First, the obvious: designer Rachel Roy’s mentions have been a living hell for about two days now thanks to the Beyhive’s insistence that she’s Becky. She didn’t help matters when she posted a picture to Instagram with the caption “good hair don’t care,” basically sealing the deal. But still — Beyoncé fans are slut shaming her like their lives depend on it. It makes you wonder how Beyoncé feels that her fans are making her music release all about Rachel Roy.

But even before Rachel was being targeted, Beyoncé fans decided to drag Kim Kardashian for daring to post some selfies on Saturday night. Kim posted 15 photos of herself and some friends at a wedding around the same time “Lemonade” was premiering. Beyoncé fans took this as a personal insult to Beyoncé for some reason. But instead of just ignoring the pics, Beyoncé fans took Kim’s selfie as an opportunity to slut-shame her.

Do Beyoncé’s fans know they can unfollow Kim and never see her selfies in their timelines? Why does their enjoyment of “Lemonade” also have to include bashing of Kim?

Rachel Roy and Kim K aren’t the only women the Beyhive saw fit to drag this weekend. In a hilarious but also depressing twist, they’ve also gone out of their way to shade Rachael Ray, she of the “30 Minute Meals” fame, for having a similar name to Rachel Roy. You really couldn’t even make this up.

People are also taking “Lemonade” as an opportunity to slut shame Monica Lewinsky all over again, after Monica tweeted that she was afraid to listen to the new album since Beyoncé’s last album threw shade at the former White House intern.

As if Monica hasn’t heard enough from the peanut gallery over the years.

Beyoncé fans really need to chill, for her sake if nothing else. Imagine being Beyoncé right now.
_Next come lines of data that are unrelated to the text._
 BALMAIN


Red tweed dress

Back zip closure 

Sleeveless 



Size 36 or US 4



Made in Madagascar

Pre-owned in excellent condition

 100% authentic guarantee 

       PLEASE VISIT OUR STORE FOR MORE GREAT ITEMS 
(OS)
Assuming Jay Z really did cheat on her, she’s already been to hell and back. After feeling all the pain that comes along with being betrayed by the person she thought she could trust above all others, she’s decided to forgive her husband and give him a second chance. Not only that, but she’s also decided to turn all of that pain into art — expensive and time-consuming art with an exclusive HBO premiere.
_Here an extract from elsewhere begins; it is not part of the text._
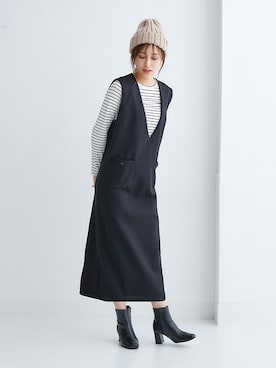 「ほっこり素材」｜nissen Ladies Modelsさん（レディース・168cm）の秋コーディネート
Think about the amount of time and effort she’s put into rehabbing her relationship, making sense of her husband’s infidelity, and turning it all into an album and an hourlong video. And now all anyone’s talking about is who the other woman was. Instead of appreciating “Lemonade,” people are going straight to pointing fingers.
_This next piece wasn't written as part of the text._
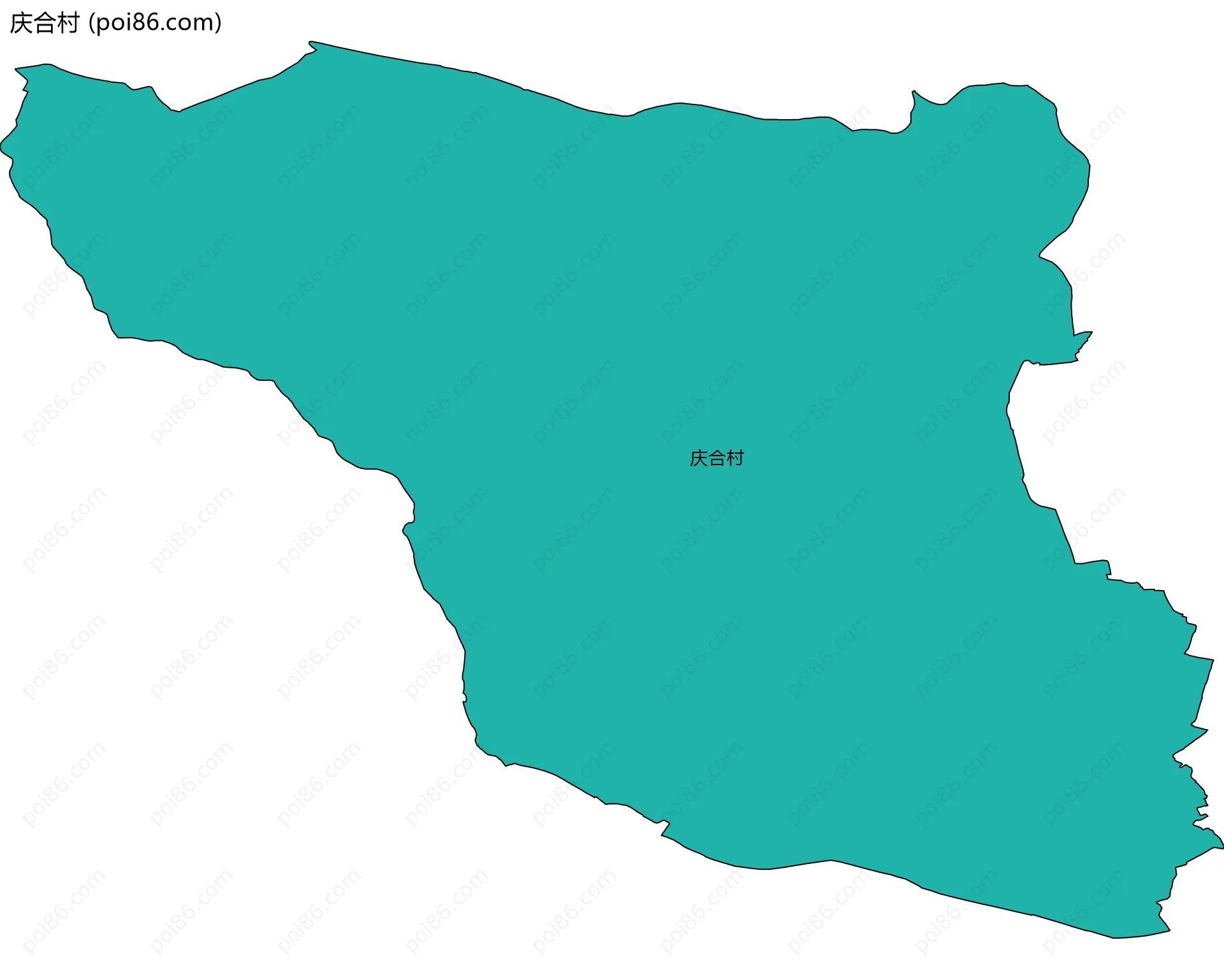 庆合村边界地图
They aren’t even pointing the finger at Jay Z in all this, though. He’s gotten off relatively scot-free, and it’s not surprising. Anyone who’s been cheated on knows how easy it is to blame it all on the other woman. That way, you don’t have to face up to the fact that the man you thought worthy of your love and trusted above everyone else thought nothing of completely betraying your trust. It’s easy to tell yourself that some slut came along and stole him from you, when the truth is he went willingly.

Beyoncé’s fans might think they’re doing her, and all other wronged women, a favor by publicly trashing Rachel, Kim, Monica, and Rachael. But Beyoncé is better than that. It goes without saying that she’s above Twitter shade wars. But she also made clear in “Lemonade” that when it comes to cheating, the person to blame is the cheater. Beyoncé seems to know that giving the other woman the gift of your attention is the wrong move. Cheaters don’t cheat because the other woman is “better.” They do it because of their own insecurities and shortcomings.  Of course it’s natural to resent “Becky with the good hair,” but focusing your ire on the other woman does nothing — and it actually undeservedly elevates her.

So while the Beyhive thinks they’re doing Beyoncé a favor, they’re really just perpetuating the shaming of other women — and making “Lemonade” into something tawdry and gossipy when it should be empowering. I don’t want to speak for Beyoncé, but she’s probably not stoked about it.